Medical genetics also entails other clinical procedures, such as prenatal diagnosis (sampling of chorionic villus tissue, umbilical cord blood, maternal blood sampling, or maternal serum, as well as fetal imaging via ultrasound or radiography). Prenatal screening is especially useful for prospective mothers over age 35 with family history of a condition diagnosed by prenatal tests, to evaluate abnormal maternal serum screening or some complications of pregnancy. Likewise, neonatal screening may be used to identify newborns in need of critical special treatments (special diets for phenylketonuria or replacement therapy for hypothyroidism).
Pedigree analysis is a classical technique of medical genetics by which a thorough family tree is depicted, with symbols for persons affected with known genetic disease. Thus is rendered a broad summary of inheritance patterns through generations that serves to clarify mode of transmission even for traits that may have identical phenotypes despite different causal genes (for example, cleft palate can be Mendelian autosomal dominant, autosomal recessive, or X-linked recessive; other types are multifactorial as they run in families without clear patterns).
However, with this progress, an increasing number of gene tests are becoming available commercially, although the scientific community continues to debate the best way to deliver them to the public and medical communities, who are often unaware of their scientific and social implications. While some of these tests have greatly improved and even saved lives, scientists remain unsure of how to interpret many of them.
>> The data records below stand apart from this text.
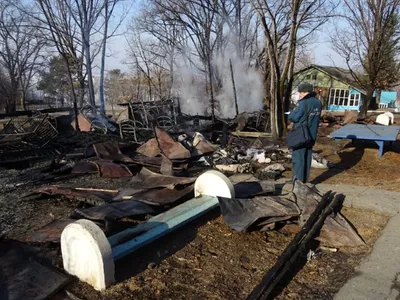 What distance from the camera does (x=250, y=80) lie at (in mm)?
24188

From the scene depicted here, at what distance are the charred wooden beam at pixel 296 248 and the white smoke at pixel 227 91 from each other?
55.3 ft

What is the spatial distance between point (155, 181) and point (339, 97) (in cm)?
3851

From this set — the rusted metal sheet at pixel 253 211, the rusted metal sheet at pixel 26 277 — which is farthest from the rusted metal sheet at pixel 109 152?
the rusted metal sheet at pixel 26 277

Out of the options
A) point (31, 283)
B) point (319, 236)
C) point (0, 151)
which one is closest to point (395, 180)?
point (319, 236)

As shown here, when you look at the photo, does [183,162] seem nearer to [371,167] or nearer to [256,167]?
[256,167]

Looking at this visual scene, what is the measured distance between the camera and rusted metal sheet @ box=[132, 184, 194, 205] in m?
4.94

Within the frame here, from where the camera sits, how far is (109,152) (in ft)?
27.2

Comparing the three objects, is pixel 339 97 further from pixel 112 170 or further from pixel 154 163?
pixel 112 170

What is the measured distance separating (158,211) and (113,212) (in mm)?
767

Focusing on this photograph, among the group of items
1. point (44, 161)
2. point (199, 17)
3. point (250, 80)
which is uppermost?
point (199, 17)

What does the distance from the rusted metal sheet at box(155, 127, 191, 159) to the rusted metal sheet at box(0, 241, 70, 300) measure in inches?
189

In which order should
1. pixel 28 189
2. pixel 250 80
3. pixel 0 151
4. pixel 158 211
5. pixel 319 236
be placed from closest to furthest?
pixel 319 236 < pixel 158 211 < pixel 28 189 < pixel 0 151 < pixel 250 80

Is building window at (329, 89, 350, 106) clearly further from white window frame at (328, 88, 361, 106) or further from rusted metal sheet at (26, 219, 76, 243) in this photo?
rusted metal sheet at (26, 219, 76, 243)

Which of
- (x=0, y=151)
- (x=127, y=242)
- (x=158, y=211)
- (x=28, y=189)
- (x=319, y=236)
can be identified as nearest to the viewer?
(x=127, y=242) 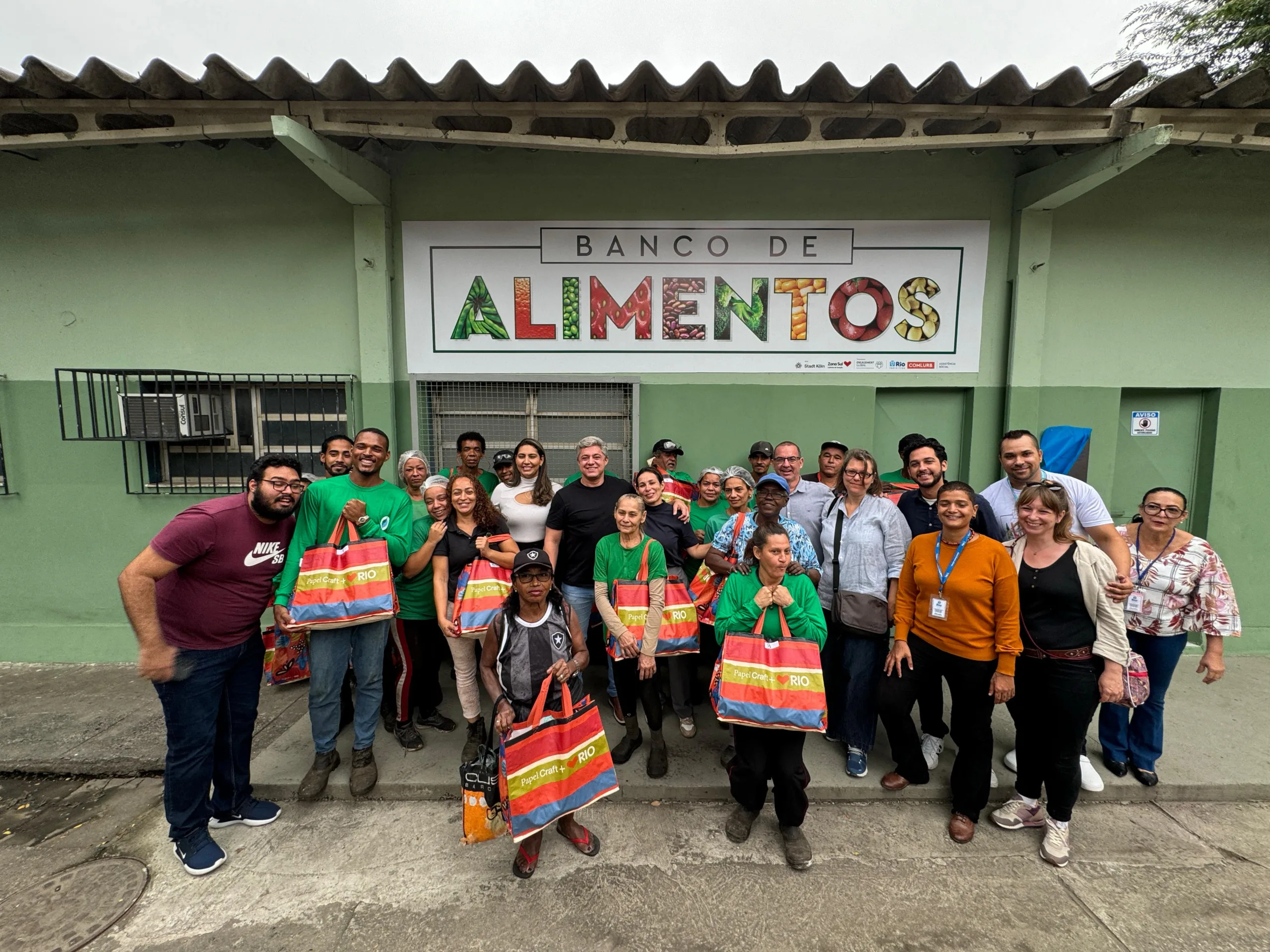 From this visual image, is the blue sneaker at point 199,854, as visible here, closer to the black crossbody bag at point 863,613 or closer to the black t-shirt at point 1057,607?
the black crossbody bag at point 863,613

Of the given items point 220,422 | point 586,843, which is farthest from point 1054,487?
→ point 220,422

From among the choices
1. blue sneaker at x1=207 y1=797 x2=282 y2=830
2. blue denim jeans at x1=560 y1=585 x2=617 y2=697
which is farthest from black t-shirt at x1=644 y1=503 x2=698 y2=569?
blue sneaker at x1=207 y1=797 x2=282 y2=830

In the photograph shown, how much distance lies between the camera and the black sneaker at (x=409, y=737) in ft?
12.3

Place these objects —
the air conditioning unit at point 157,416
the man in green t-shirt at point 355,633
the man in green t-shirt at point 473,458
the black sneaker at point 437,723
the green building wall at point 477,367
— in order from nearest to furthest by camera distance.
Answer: the man in green t-shirt at point 355,633 < the black sneaker at point 437,723 < the man in green t-shirt at point 473,458 < the air conditioning unit at point 157,416 < the green building wall at point 477,367

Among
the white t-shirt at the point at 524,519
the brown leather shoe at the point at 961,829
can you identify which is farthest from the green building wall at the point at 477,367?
the brown leather shoe at the point at 961,829

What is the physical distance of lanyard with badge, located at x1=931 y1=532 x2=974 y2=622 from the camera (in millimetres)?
2939

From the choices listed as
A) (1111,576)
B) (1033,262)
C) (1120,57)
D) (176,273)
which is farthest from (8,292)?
(1120,57)

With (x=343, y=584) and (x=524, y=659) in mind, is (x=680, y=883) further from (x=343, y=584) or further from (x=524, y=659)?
(x=343, y=584)

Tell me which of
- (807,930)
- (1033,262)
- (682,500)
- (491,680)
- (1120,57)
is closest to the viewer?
(807,930)

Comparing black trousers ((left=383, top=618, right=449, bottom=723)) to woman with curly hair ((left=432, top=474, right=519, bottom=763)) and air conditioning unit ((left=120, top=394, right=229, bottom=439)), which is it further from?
air conditioning unit ((left=120, top=394, right=229, bottom=439))

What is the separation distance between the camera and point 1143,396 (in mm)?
5512

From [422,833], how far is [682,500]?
250cm

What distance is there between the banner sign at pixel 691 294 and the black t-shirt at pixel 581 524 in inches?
76.5

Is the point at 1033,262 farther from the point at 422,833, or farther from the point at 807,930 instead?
the point at 422,833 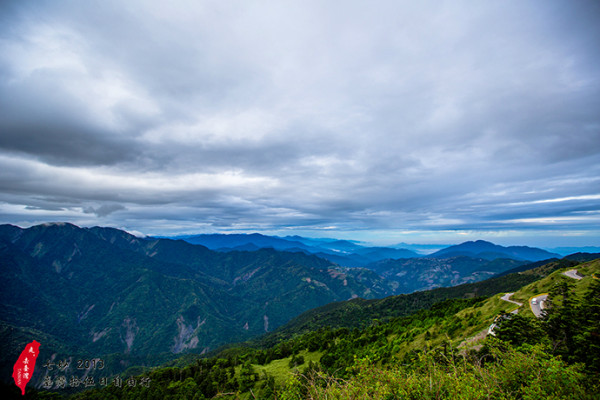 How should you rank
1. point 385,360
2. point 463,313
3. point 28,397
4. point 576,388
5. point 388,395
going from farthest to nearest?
point 28,397
point 463,313
point 385,360
point 388,395
point 576,388

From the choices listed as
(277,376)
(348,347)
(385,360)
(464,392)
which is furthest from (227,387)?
(464,392)

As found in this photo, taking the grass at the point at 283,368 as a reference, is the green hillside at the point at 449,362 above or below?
above

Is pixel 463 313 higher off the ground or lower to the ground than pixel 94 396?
higher

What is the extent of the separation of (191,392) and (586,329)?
99.0 m

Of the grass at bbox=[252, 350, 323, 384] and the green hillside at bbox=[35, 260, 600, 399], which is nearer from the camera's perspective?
the green hillside at bbox=[35, 260, 600, 399]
Also, patients taking the tests face significant risks of jeopardizing their employment or insurance status. And because genetic information is shared, these risks can extend beyond them to their family members as well.
As the role of genetics is made clearer with respect to diagnosis, monitoring, and treatment of diseases, medical scientists continue to make rapid progress in the identification of genes associated with disease. A key long-range aim is to formulate new means to diagnose, treat, and even cure or prevent diseases. Epigenesis is a complex process that entails regulators (i.e., promoters and enhancers), actively expressed units (exons), unexpressed but intervening units (introns), and termination signals.
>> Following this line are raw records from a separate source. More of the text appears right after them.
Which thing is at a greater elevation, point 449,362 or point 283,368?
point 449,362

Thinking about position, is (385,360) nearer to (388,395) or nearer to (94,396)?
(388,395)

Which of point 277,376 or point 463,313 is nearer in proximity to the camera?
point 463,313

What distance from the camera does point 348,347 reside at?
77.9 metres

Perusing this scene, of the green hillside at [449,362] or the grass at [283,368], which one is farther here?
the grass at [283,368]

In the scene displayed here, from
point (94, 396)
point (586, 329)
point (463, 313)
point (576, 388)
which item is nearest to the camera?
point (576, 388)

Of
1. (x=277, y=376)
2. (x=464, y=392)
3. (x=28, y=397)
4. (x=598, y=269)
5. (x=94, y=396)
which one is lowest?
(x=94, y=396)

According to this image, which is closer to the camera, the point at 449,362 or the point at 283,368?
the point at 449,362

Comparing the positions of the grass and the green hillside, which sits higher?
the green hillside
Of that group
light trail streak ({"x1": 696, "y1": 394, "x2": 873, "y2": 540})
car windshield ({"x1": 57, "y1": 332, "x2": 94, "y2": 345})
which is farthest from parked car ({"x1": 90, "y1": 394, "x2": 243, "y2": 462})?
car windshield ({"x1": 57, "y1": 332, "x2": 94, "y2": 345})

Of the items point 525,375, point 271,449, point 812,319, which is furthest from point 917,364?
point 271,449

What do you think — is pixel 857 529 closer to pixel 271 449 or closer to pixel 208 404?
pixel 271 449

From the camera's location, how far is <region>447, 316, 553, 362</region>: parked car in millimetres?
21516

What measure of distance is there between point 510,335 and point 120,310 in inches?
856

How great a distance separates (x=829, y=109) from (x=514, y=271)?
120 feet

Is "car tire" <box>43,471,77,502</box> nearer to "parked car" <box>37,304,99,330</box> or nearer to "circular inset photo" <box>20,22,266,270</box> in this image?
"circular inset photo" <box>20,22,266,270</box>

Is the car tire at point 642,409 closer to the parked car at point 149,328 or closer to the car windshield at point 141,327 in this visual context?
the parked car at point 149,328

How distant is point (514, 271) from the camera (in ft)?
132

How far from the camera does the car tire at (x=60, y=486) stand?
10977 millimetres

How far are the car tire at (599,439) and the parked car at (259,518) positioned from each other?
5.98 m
The field of human genetics has been dramatically bolstered by the Human Genome Project (HGP) and related studies that began in 1991. These constitute the new field of genomics that use techniques of molecular analysis to map all human genes to specific locations and thereby identify elements of genetic structures and functions. With this progress, medical genetics is expanding from a focus on diagnostics and counseling toward more active evaluation and treatment, including the prospect for procedures to directly repair dysgenetic cell lines. Similarly, human genetics has also progressed rapidly toward the elucidation of diverse issues in the phylogenetic history and geography of human populations.
References:
- Cavalli-Sforza, L. L., Menozzi, P., & Piazza, A. (1996). The history and geography of human genes. Princeton, NJ: Princeton University Press.